On a mission to declutter, an old nostalgic presses pause.

I am sitting cross-legged on the living room rug with teetering towers of CDs all around me. I imagine the scene looks like a miniature version of the Surfers Paradise skyline with King Kong plonked in the middle. The time has come, you see, to reclaim the space currently occupied in the drawers of our typically enormous entertainment unit by hundreds of CDs.

Surrounded by teetering towers of CDs, the scene looks like a skyline with King Kong in the middle. Illustration by Simon Letch.

Mostly in bulky jewel cases, they date back to the inception of the format in 1982. I like to think I'm not sentimental. I had zero reluctance when it came to dumping cassettes, with their inevitable cascades of tape leakage that could only be painstakingly wound back with a pencil, and their complete inability to maintain pitch stability in hot cars. Out they went, and with them the distantly romantic notion of the "mixtape", now easily superseded by the digital playlist.

Same with vinyl, in spite of what is optimistically termed the revival. Too big, too easily damaged. Sure, they sound far better than CDs but only if you treat them like control rods in a nuclear power station, polish them before and after you play them, and return them to their sleeves with meticulous care. I gave some away. The ones so scratched that they offered the tell-tale clicks, pops and explosions of white noise that sound just like someone frying an egg over the music, went to the dump.

And now, the jig is all but up for CDs. Digital streaming services such as Spotify and Apple Music dish up almost any song or album title you can think of. Or simply speak into the magic ears of Siri, Google or Alexa, and your request will play instantly.

When entire music libraries can be carried on phones, what is the point of a vast CD collection? Besides, like most urban dwellers we need the drawer space for the more recent accoutrements of the digital age: power cables and adaptors of every sort, chargers for phones and tablets, and, thanks to the tech giants' collective obsession with making things ever thinner, external CD drives, external hard drives and, quite soon, surely, external brains.


Time for King Kong to dismantle the waterfront. But it's really not so easy. There's too much history in these drawers. For every 10 discs consigned to the garbage pile there's at least one that tugs at the heart.

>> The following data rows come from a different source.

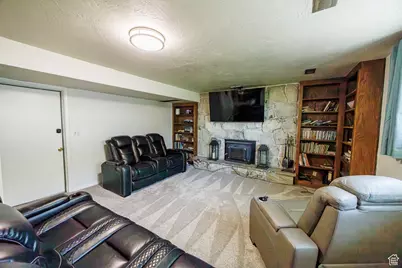 1070 E 120 S, Orem, UT 84097 - Photo 28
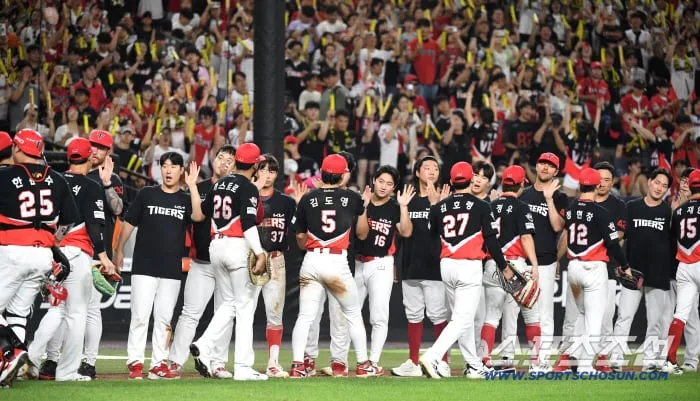 와 '3위' 도약 실화다! 한화전 싹쓸이→5연승 기세 미쳤다…"필승조 못 나온 힘든 경기 포기 않았다"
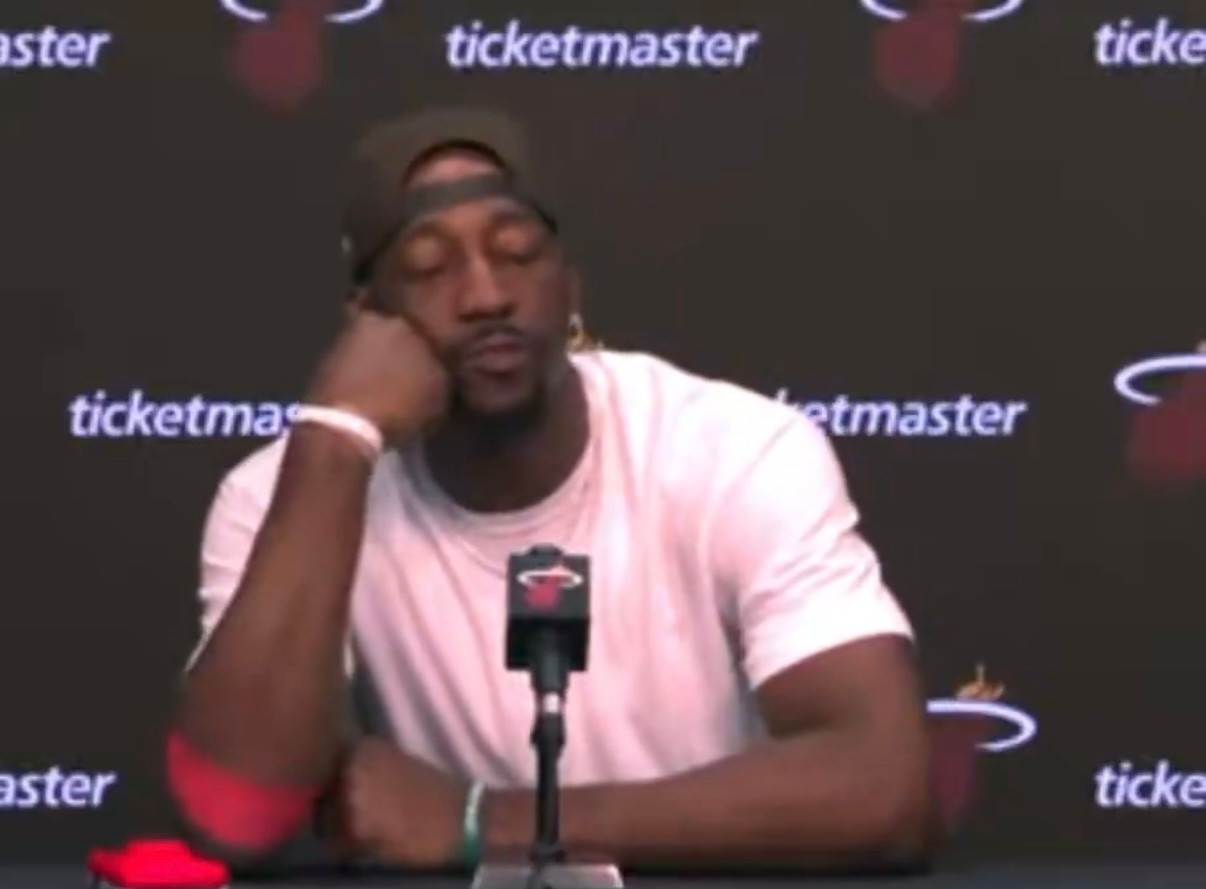 阿德巴约谈三球被罚6万美元：“他只会觉得这只是一场普通比赛，他一年挣3000万呢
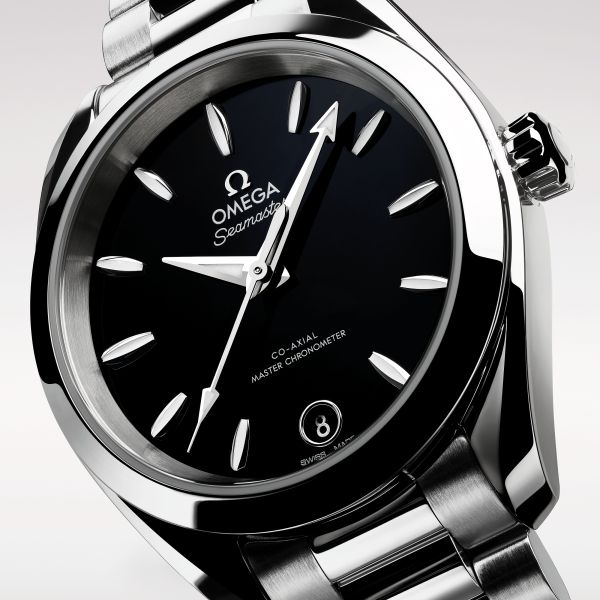 Montre Omega Seamaster Aqua Terra 150m Co-Axial Master Chronometer cadran noir bracelet acier 34 mm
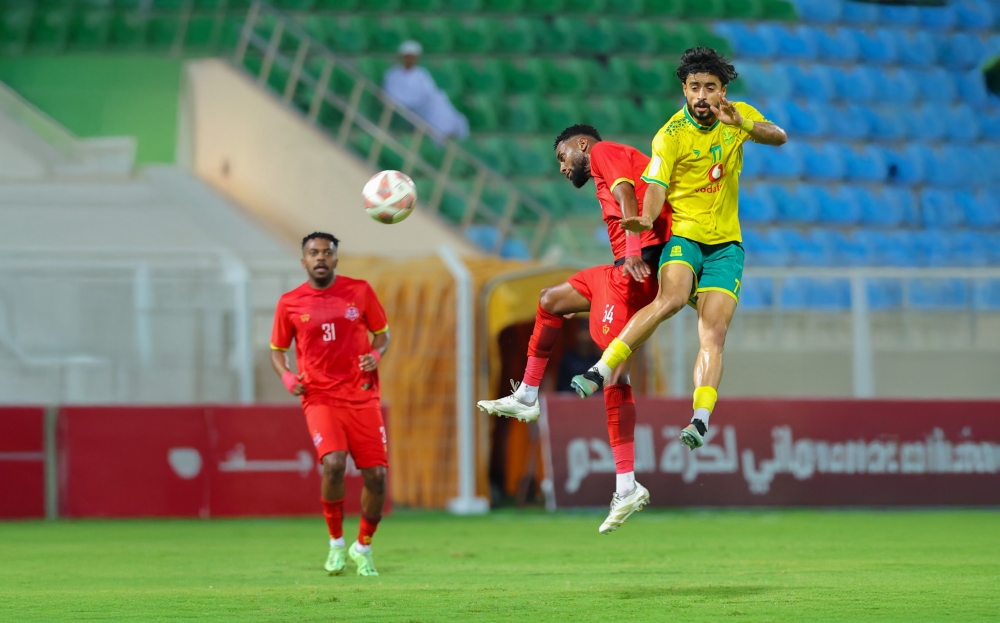 بعد أن أحرز اللقب الخامس6 سنوات ذهبية للفريق الكروي الأول بنادي السيب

My fingers brush George Michael's 1996 smash Older and I'm at a score of dinner parties in the 1990s. The slinky evening-wear jazz sound of Michael's heartbreaking tribute to his lover, Anselmo Feleppa, somehow defined the era. I think of my guests, some no longer with us, the daft conversations, the ribald laughter. Then I'm at an open-air George Michael concert in 2010 with my older sister and 45,000 other besotted fans. Elizabeth and I hadn't been to a concert together, well, since forever. But there we were right down the front, screaming out our appreciation and dancing in the aisle like two teenagers. We wept down the phone together when Michael died so unexpectedly in 2016.

Likewise, David Bowie. I cradle, for a moment, an artfully put together remaster of his 1974 William Burroughs-inspired sci-fi masterpiece Diamond Dogs and place it carefully in the keeper pile.

I'm not a great fan of Michael Bublé but I had his utterly gorgeous version of Willie Nelson's Always On My Mind, from his 2007 album Call Me Irresponsible, played at my mother's funeral. Slowed down compared to hit versions by Elvis Presley and Willie Nelson, the song perfectly echoes the heart of a recalcitrant son, who could have done so much more, could have been there more often than he was. "Little things I should have said and done, I just never took the time," Bublé croons. "But you were always on my mind."

Right next to Bublé I find former Genesis guitarist Steve Hackett's 1983 album Bay of Kings. The album's reissue contains a stunning solo guitar interpretation of The Skye Boat Song. A proud Scot, who never lost her accent even after 45 years in Australia, Mum loved this song. The track was played at the funeral as images of Mum as a child and as a beautiful young woman before "we" happened to her were shown on the chapel's video screen.

So, clean up, wise up and chuck the dross from your life. But don't kill your darlings. Life is too short to throw the truly beautiful things away.